What needs to be done: The finished copy should hold every entry exactly as given, and no pictures.

(Caption-style text data)

··········

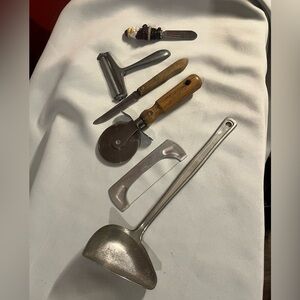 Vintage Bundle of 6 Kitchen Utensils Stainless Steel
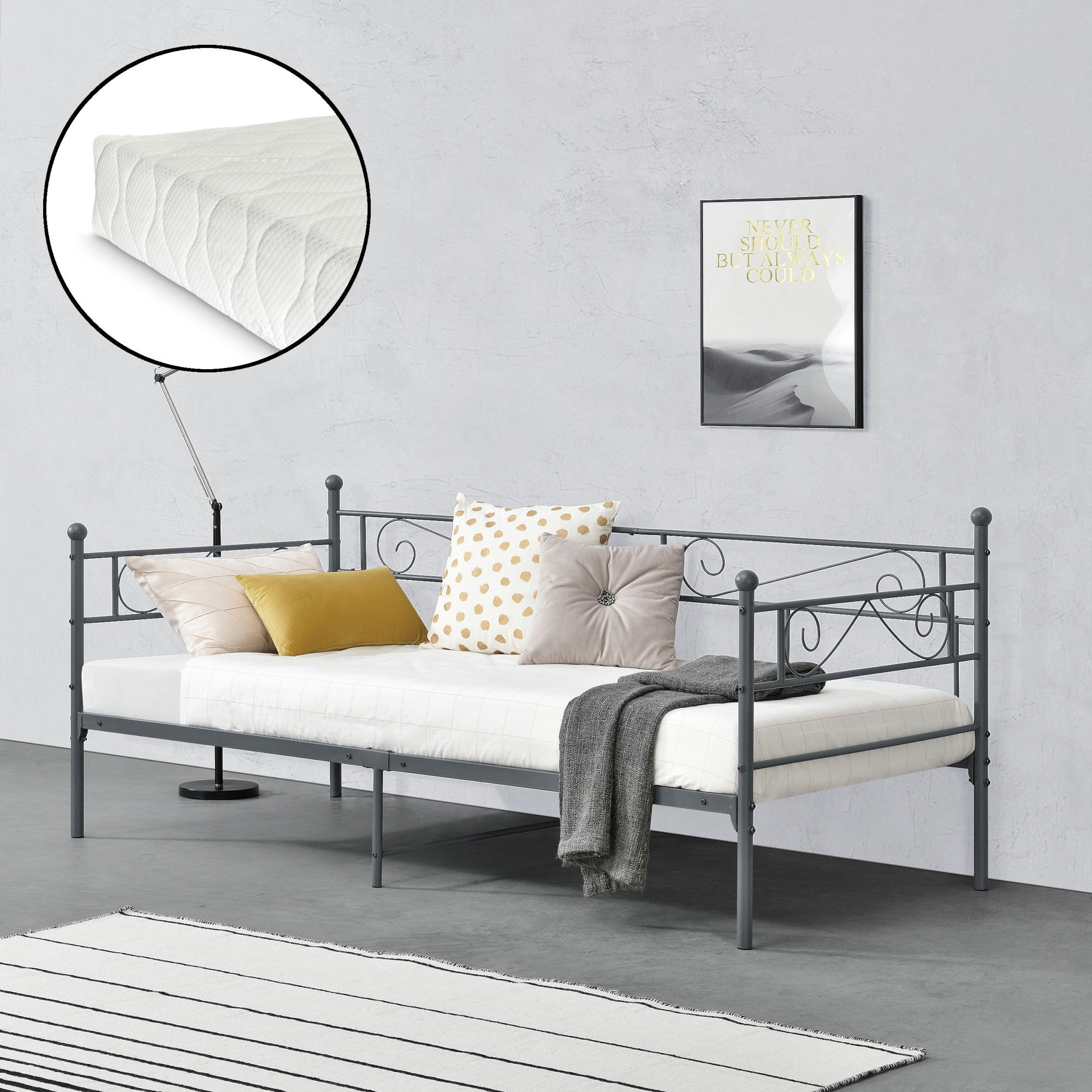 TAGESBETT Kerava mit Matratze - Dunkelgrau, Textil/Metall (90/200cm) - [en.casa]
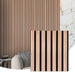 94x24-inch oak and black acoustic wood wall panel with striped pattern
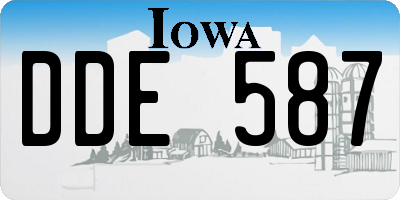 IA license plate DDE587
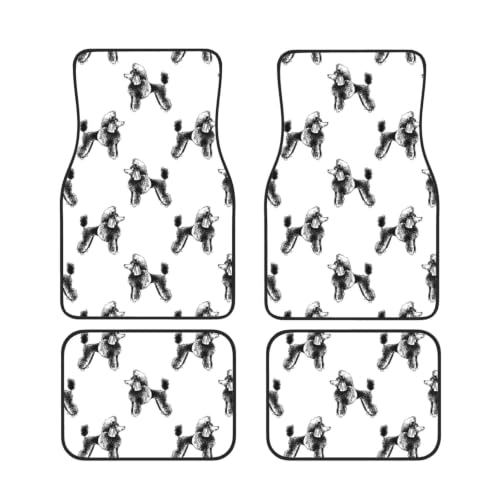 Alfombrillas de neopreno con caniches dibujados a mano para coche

··········

Response to this exercise:
 Vintage Bundle of 6 Kitchen Utensils Stainless Steel
 TAGESBETT Kerava mit Matratze - Dunkelgrau, Textil/Metall (90/200cm) - [en.casa]
 94x24-inch oak and black acoustic wood wall panel with striped pattern
 IA license plate DDE587
 Alfombrillas de neopreno con caniches dibujados a mano para coche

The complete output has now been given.